In calculating the performance of the Index, Société Générale deducts a maintenance fee of 0.50% per annum on the level of the Index, and fixed transaction and replication costs, each calculated and deducted on a daily basis. The transaction and replication costs cover, among other things, rebalancing and replication costs.  The total amount of transaction and replication costs is not predictable and will depend on a number of factors, including the leverage of the Index, which may be as high as 200%, the performance of the indexes underlying the Index, market conditions and the changes in the market states, among other factors. The transaction and replication costs, which are increased by the Index’s leverage, and the maintenance fee will reduce the potential positive change in the Index and increase the potential negative change in the Index. While the volatility control applied by the Index may result in less fluctuation in rates of return as compared to indices without volatility controls, it may also reduce the overall rate of return as compared to products not subject to volatility controls.

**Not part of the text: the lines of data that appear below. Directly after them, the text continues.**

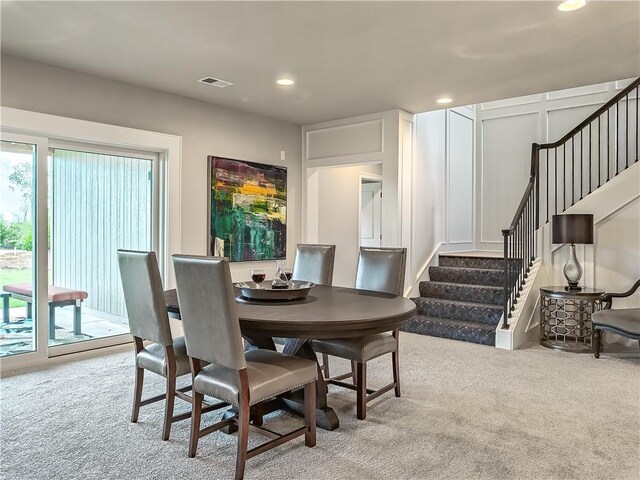 16724 Hayes St, Overland Park, KS 66085 - carpeted dining area with stairs and recessed lighting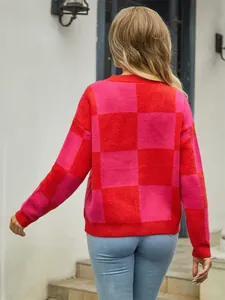 Detailed back view of a vibrant red and pink checkered knit sweater for women outdoors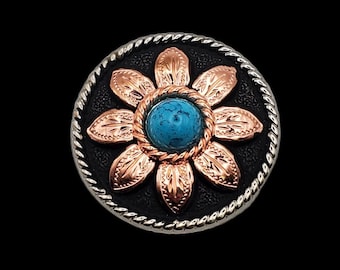 May include: A silver and black button with a copper flower design and a turquoise stone in the center.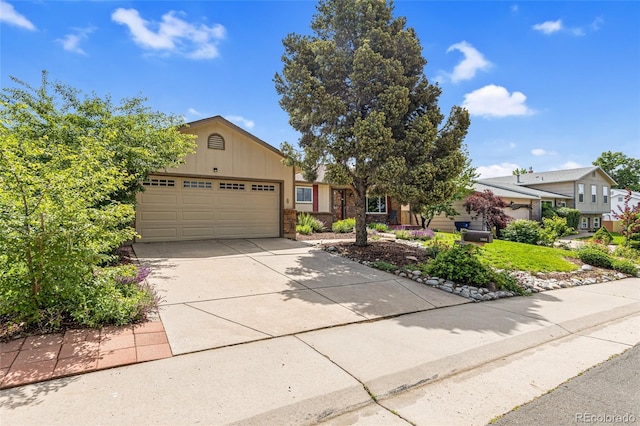 1982 S Truckee St, Aurora, CO 80013 - view of front of home with an attached garage, concrete driveway, and brick siding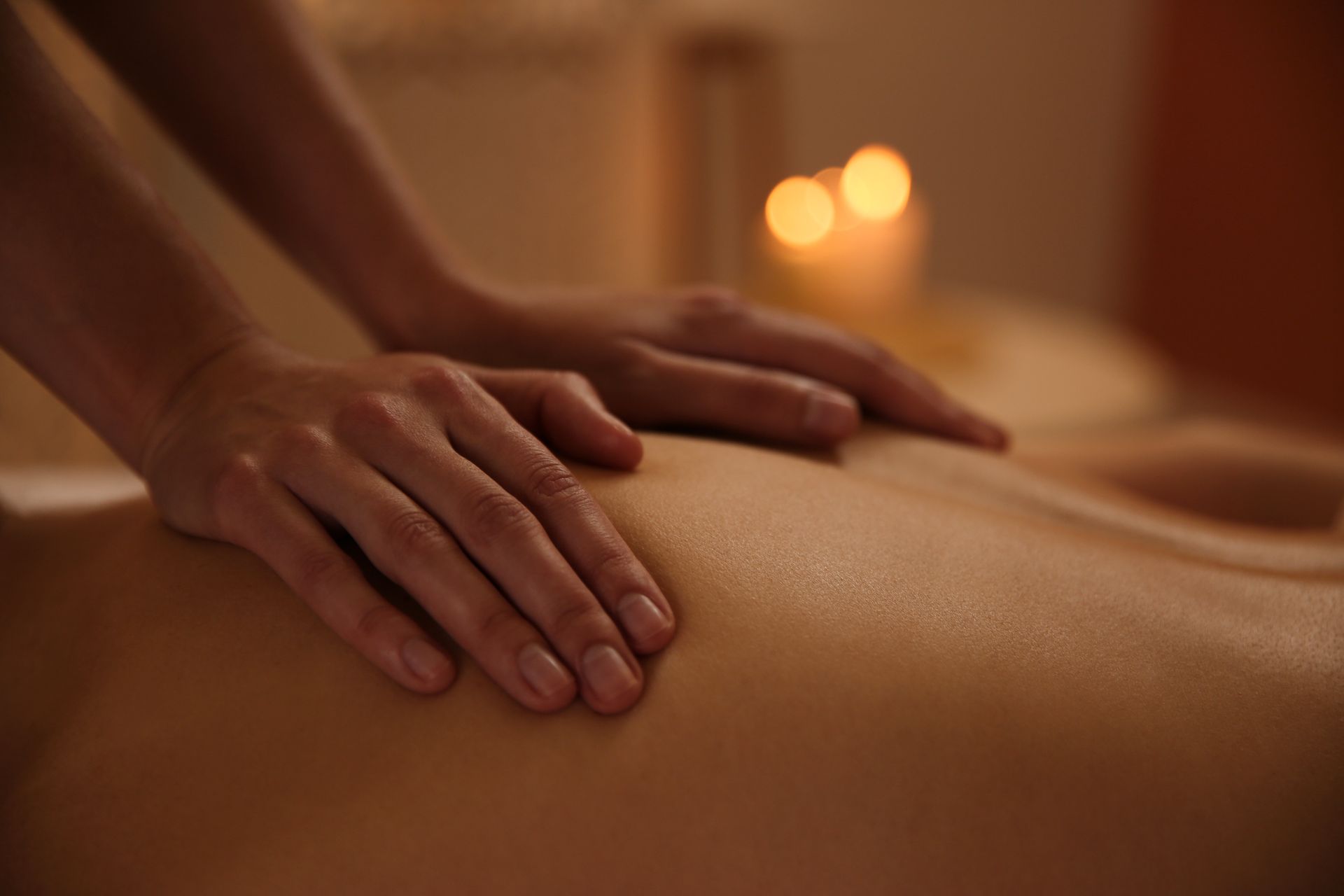 Hands giving back massage, soft skin, candlelit setting.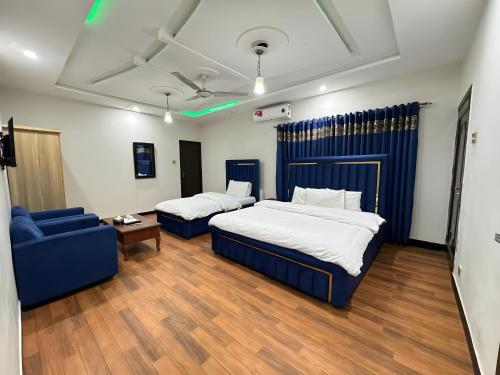 a bedroom with two beds and a blue couch at Decent Luxury Continental in Islamabad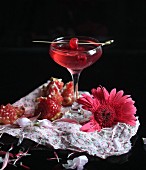 A cocktail with pomegranate, raspberries, and a cocktail cherry
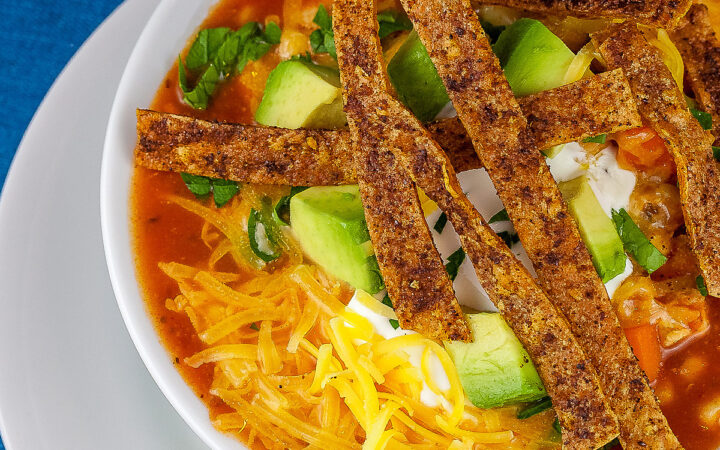 White bowl sitting on a white plate on a blue background, filled with rich, deep red chicken chile soup with spiced tortilla strips, sour cream, avocado cubes, shredded cheese, chopped cilantro, green onions - beautiful toppings add luscious flavor and texture, with lime wedges alongside © 2025 Jane Bonacci, The Heritage Cook.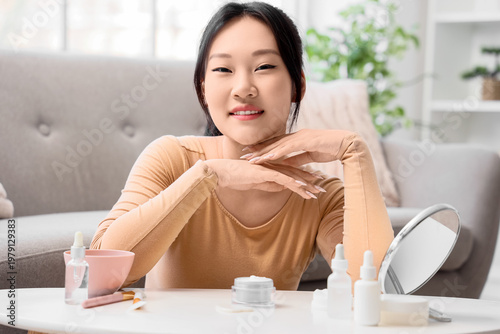 Beautiful young happy Asian...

The CS Tech Edge Index (“the Index”) and “Credit Suisse”, and any trademarks, service marks and logos related thereto are service marks of Credit Suisse Group AG, Credit Suisse International, or one of their affiliates (collectively, “Credit Suisse”). Credit Suisse has no relationship to American Equity Investment Life Insurance Company (“American Equity”), other than the licensing of the Index and its service marks for use in connection with a fixed indexed annuity offered by American Equity (“the Product”) and is not a party to any transaction contemplated hereby.  Credit Suisse shall not be liable for the results obtained by using, investing in, or trading the Product.  Credit Suisse has not published or approved this document and accepts no responsibility for its contents or use.  Obligations to make payments under the Product are solely the obligation of American Equity and are not the responsibility of Credit Suisse.